Because the meaning and interpretation of the standard NDF components (data, variance, quality, etc.) is well-defined, it is always possible to decide into which of three categories each of these components falls when writing an application. This then dictates the action which should be taken, as follows:
For instance, if an operation is to be performed on the data component, then an appropriate operation must usually also be performed on the variance component (if defined) so that it continues to represent the variance of the data in the output NDF. If the application cannot perform the necessary operation, then any component which would become invalid as a result falls into category 3 below (and is simply ignored).
For instance, the special case of adding a constant to the data component
would not render the variance component invalid.

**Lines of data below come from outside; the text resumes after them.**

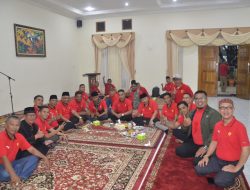 Bupati Agam Gelar Rapat Tingkatkan Koordinasi Kerja Aparatur Nagari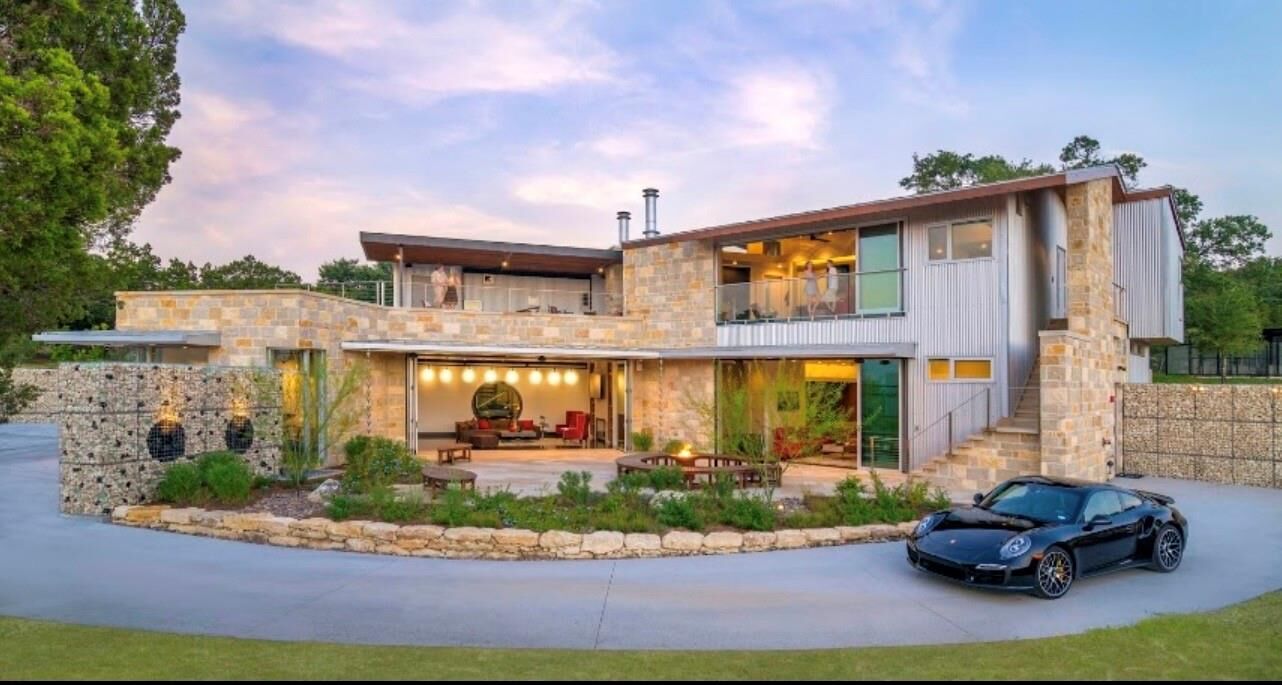 Property Photo: 3711 Fm 484 TX 78133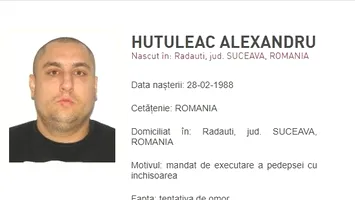 Interlopul care, în 2017, a lovit un poliţist cu o sabie în cap şi în braţ, adus în ţară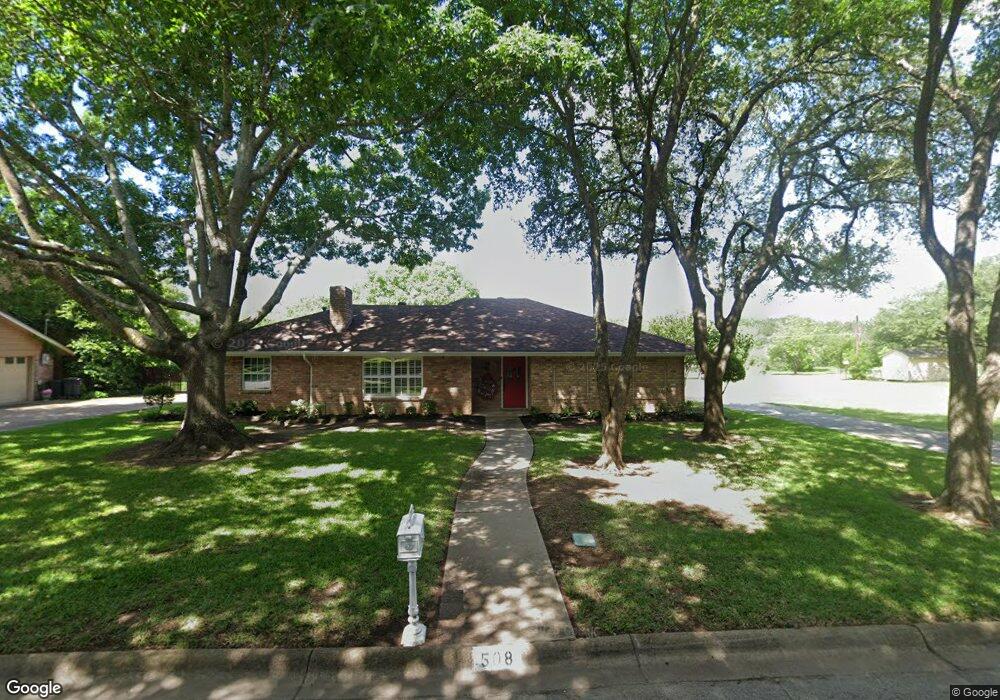 508 Sunset Dr, Cleburne, TX 76033 - photo 1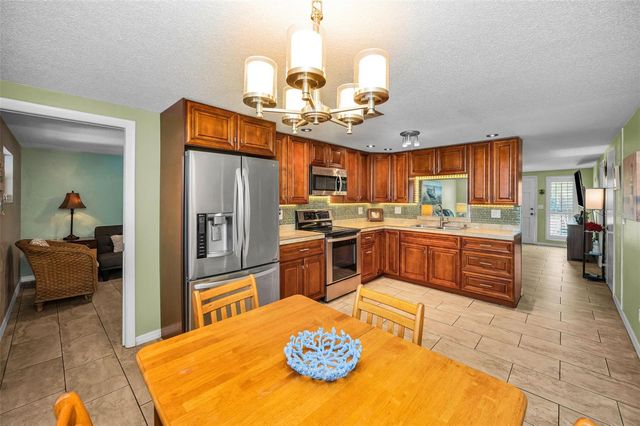 1000 CRANE COURT, Dunedin, FL 34698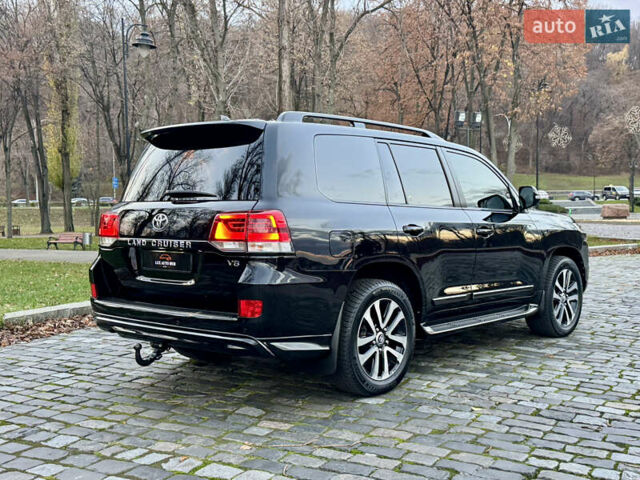 Чорний Тойота Ленд Крузер, об'ємом двигуна 4.46 л та пробігом 177 тис. км за 49999 $, фото 4 на Automoto.ua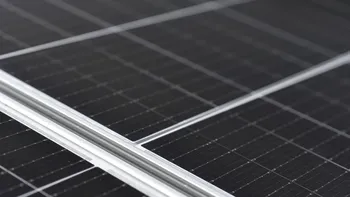 Panouri fotovoltaice iarna: Cum să maximizezi producția de energie în sezonul rece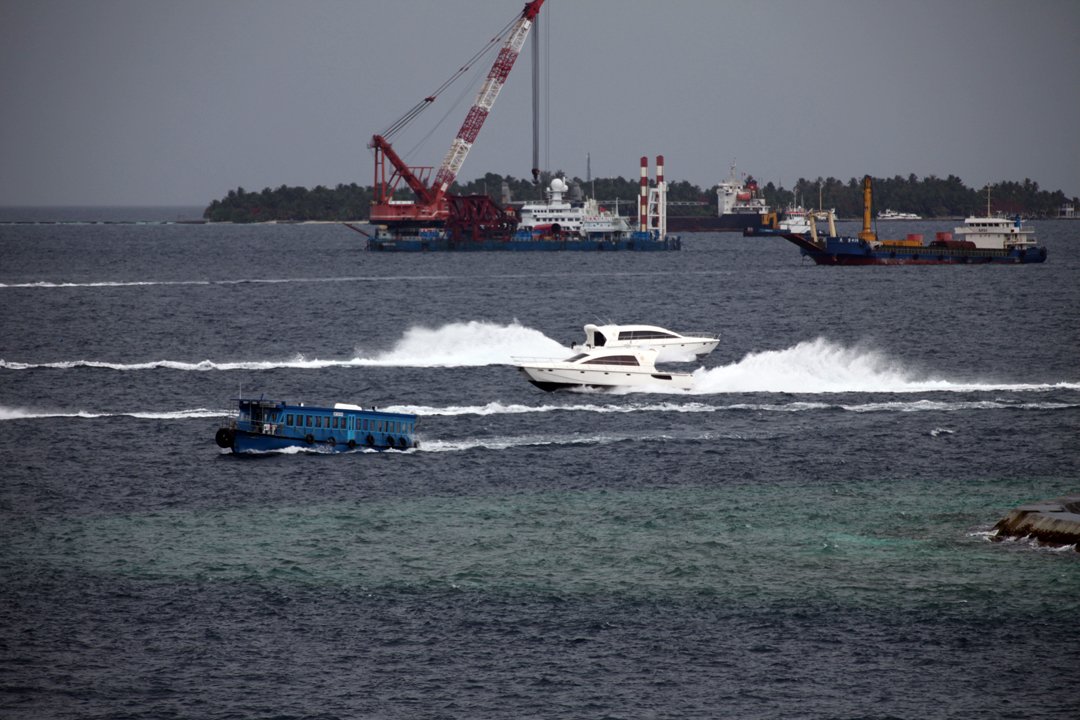 SeaShuttleIntl's tweet photo. Fun sight on busy days in the #Maldives. https://t.co/JCrnenr5lT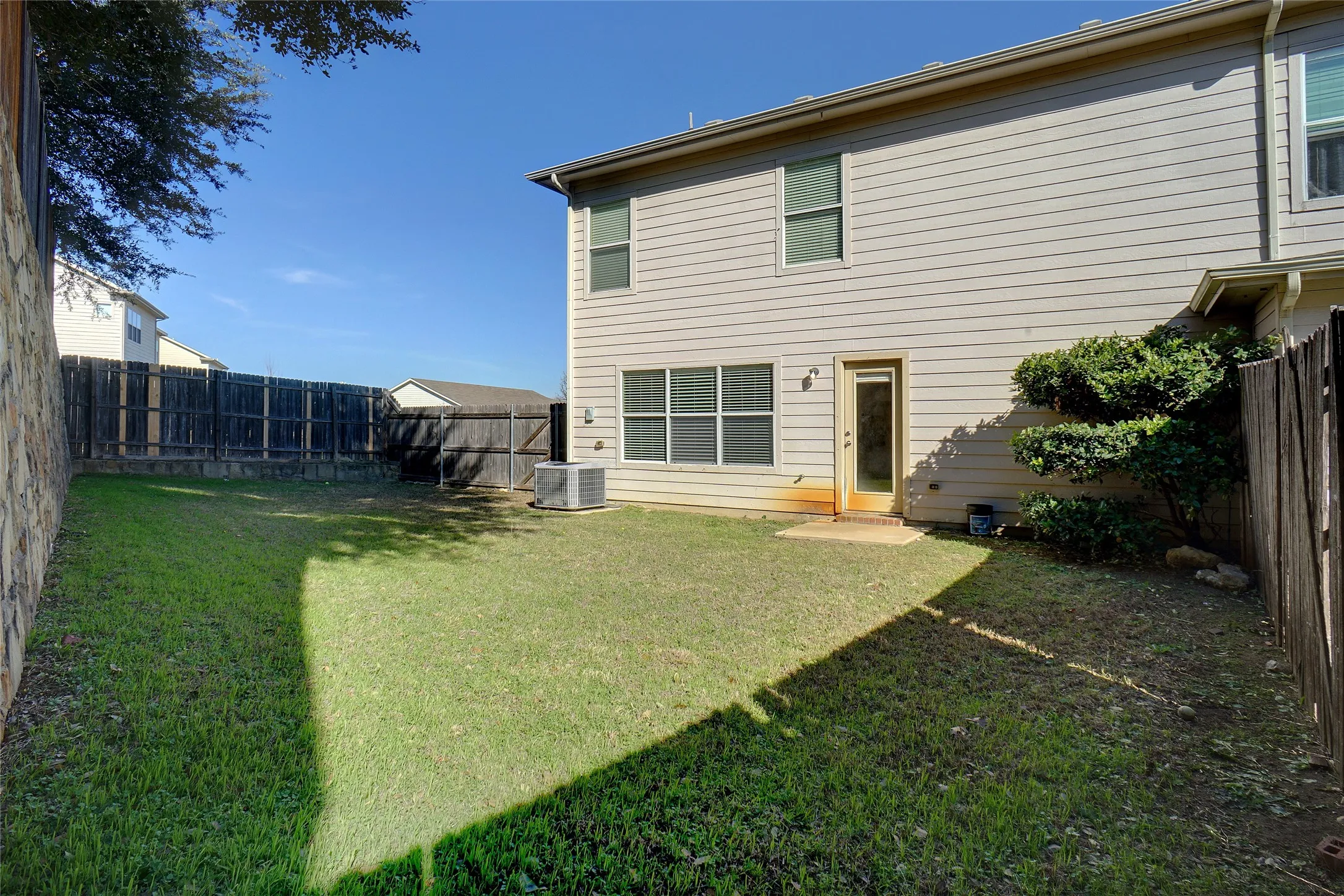 Duplex For Rent in Tarrant County , 7421 Cowhand Court, Fort Worth, Texas 76131, 3 Bedroom, 3 Bathroom, 2 Garage spaces, 1,465 Sqft, built in 2006, mls#21411328, Real Estate Agent in Fort Worth, Homes For Rent in Tarrant county, Homes For Rent in Fort Worth, Realtor in Fort Worth Texas, Real Estate Brokerage Independent Realty Texas, Luminita Cordes Realtor
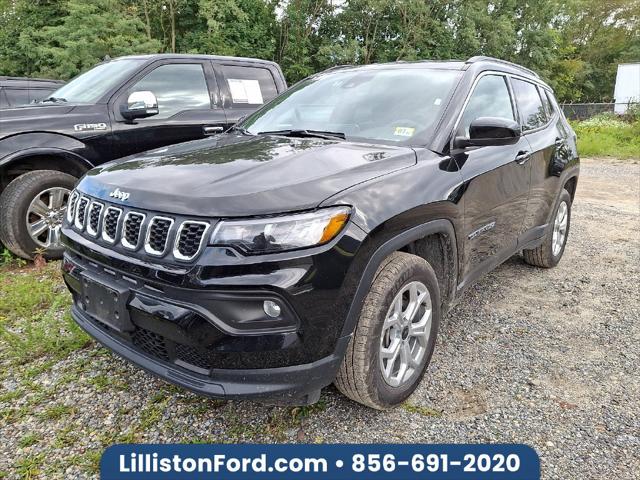 2025 Jeep Compass Latitude 4x4 2025 Jeep Compass Latitude 4x4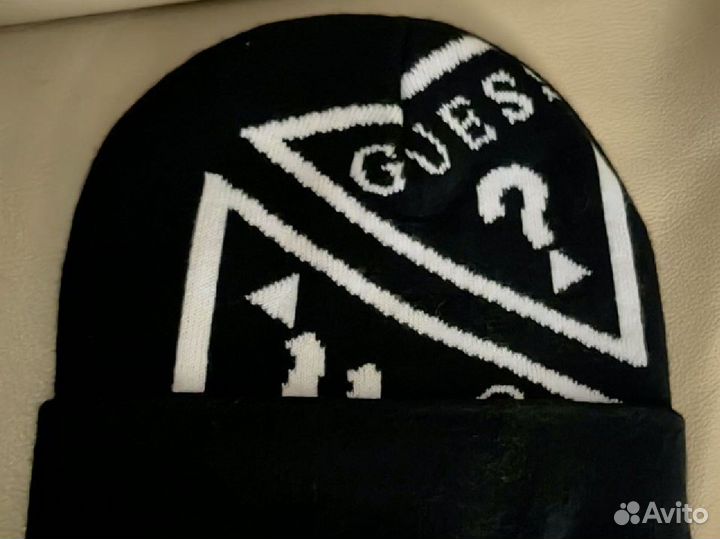 Шапка женская оригинал Guess
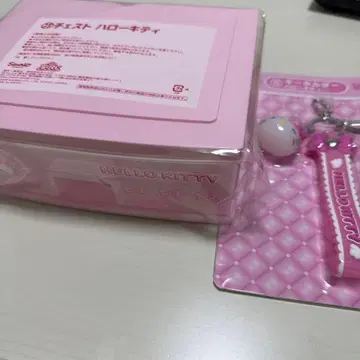 산리오 제일복권 헬로키티 가슴 키링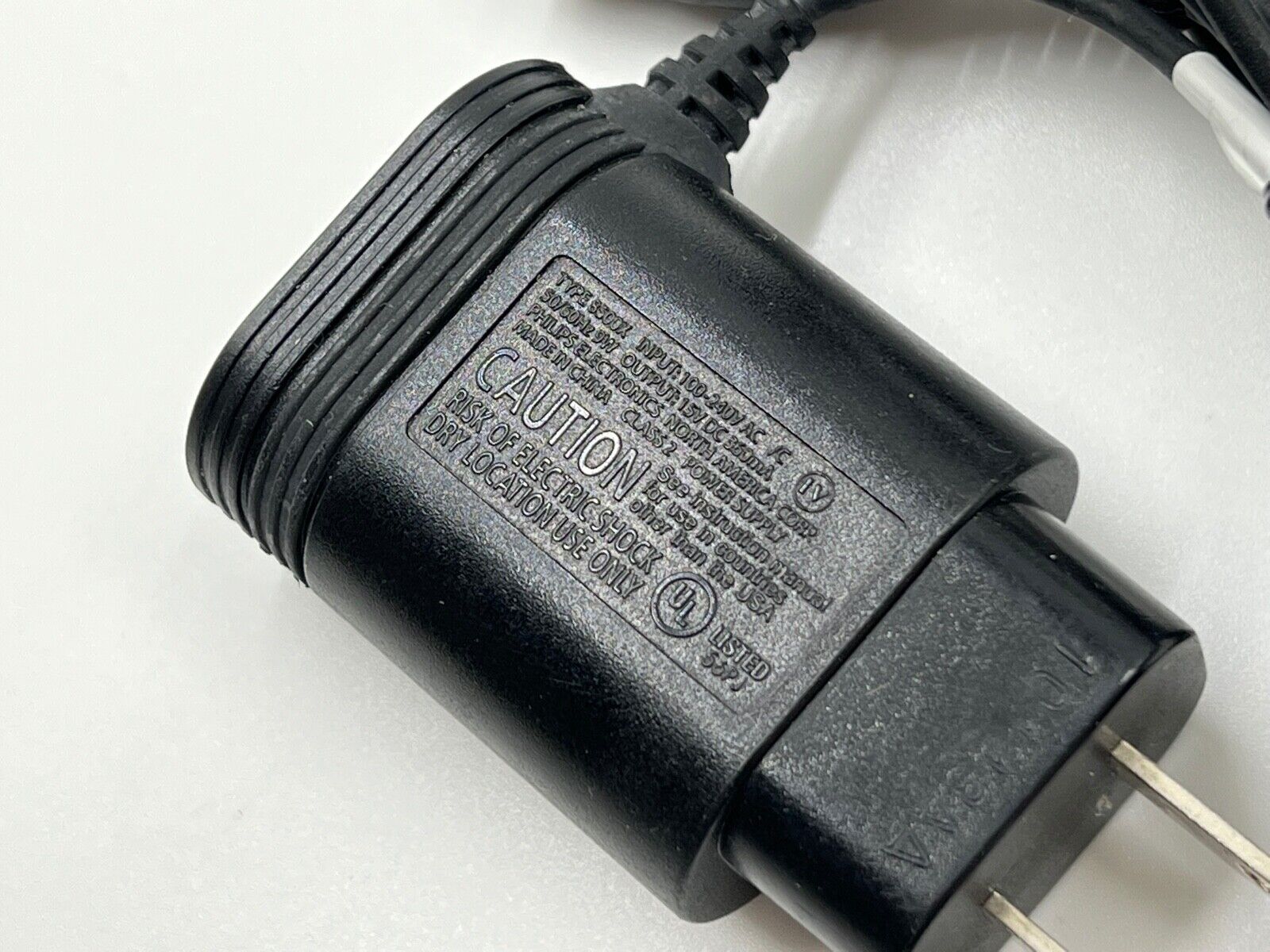 Sạc pin máy dao cạo râu Philips 15V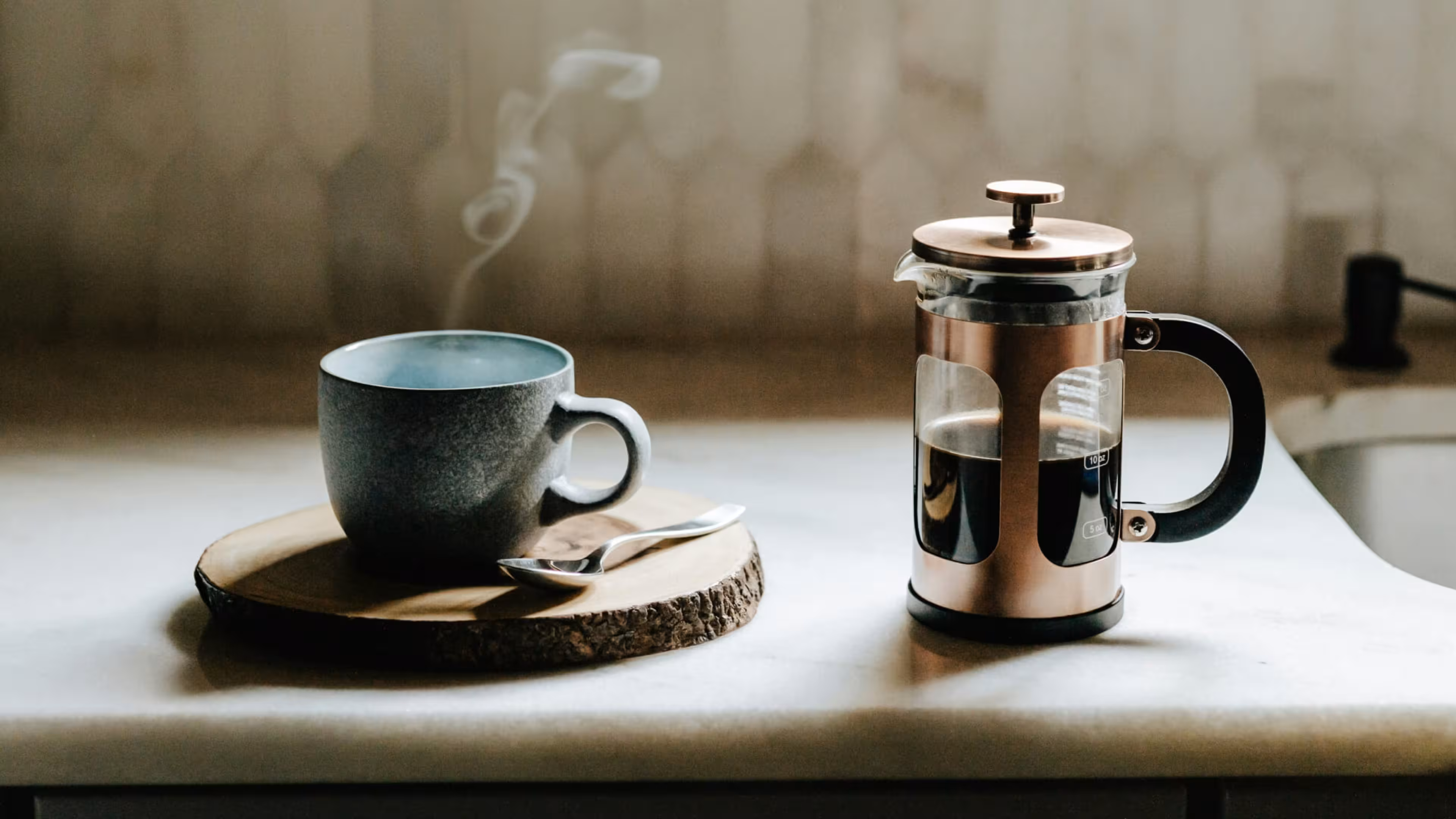 Čím si osladiť čaj a kedy nesladiť vôbec?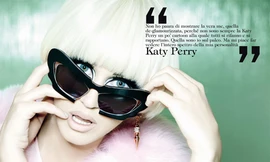 Katy Perry lại thay đổi màu tóc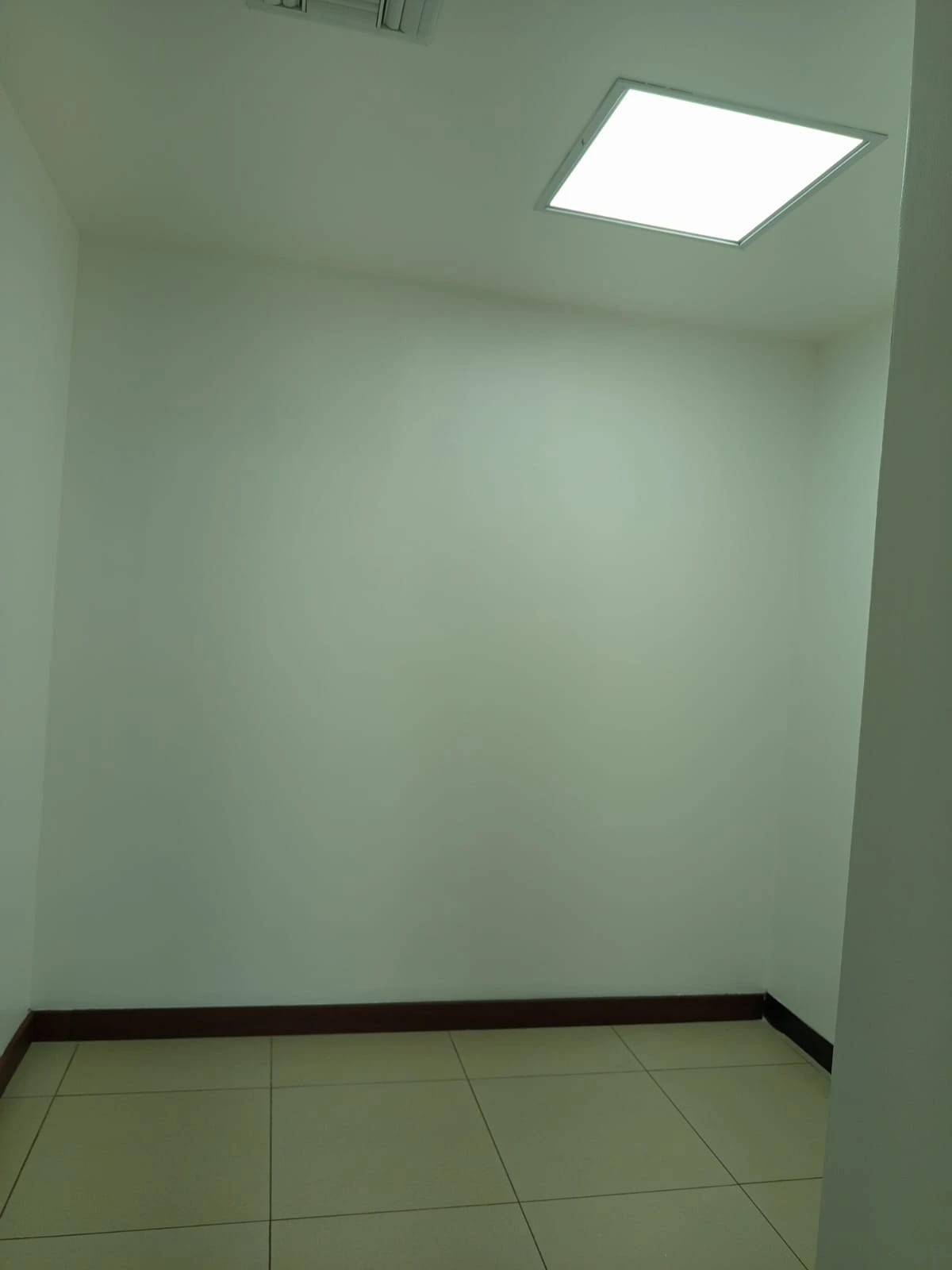 Se Renta Oficina en Edificio Avante Zona 15 — foto 9 de 17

It may therefore simply be propagated (i.e. copied) to the output NDF
unchanged.
Most applications which perform pixel-to-pixel processing and do not change
the shape of an NDF can also propagate the axis and quality
components in the same way.
It may not be possible to ensure that some NDF components will retain their
validity after processing.
This may simply be because an application (or perhaps an entire software
package) chooses not to support certain NDF components; this is quite
acceptable behaviour.
Alternatively, the meaning of certain components may be destroyed by certain
types of processing; for instance the validity of the quality component
cannot possibly survive a Fourier transform operation applied to the data
component no matter how sophisticated the software.
In either case, the affected component(s) must be ignored and not
propagated.
This means that they will be lost from the output NDF.
The purpose of these rules is to ensure that the validity of all the standard NDF components is retained throughout all stages of processing, and that all defined components in an NDF always have valid values. If an application cannot guarantee this for any component, then it must ignore that component so that it remains undefined in the output data structure.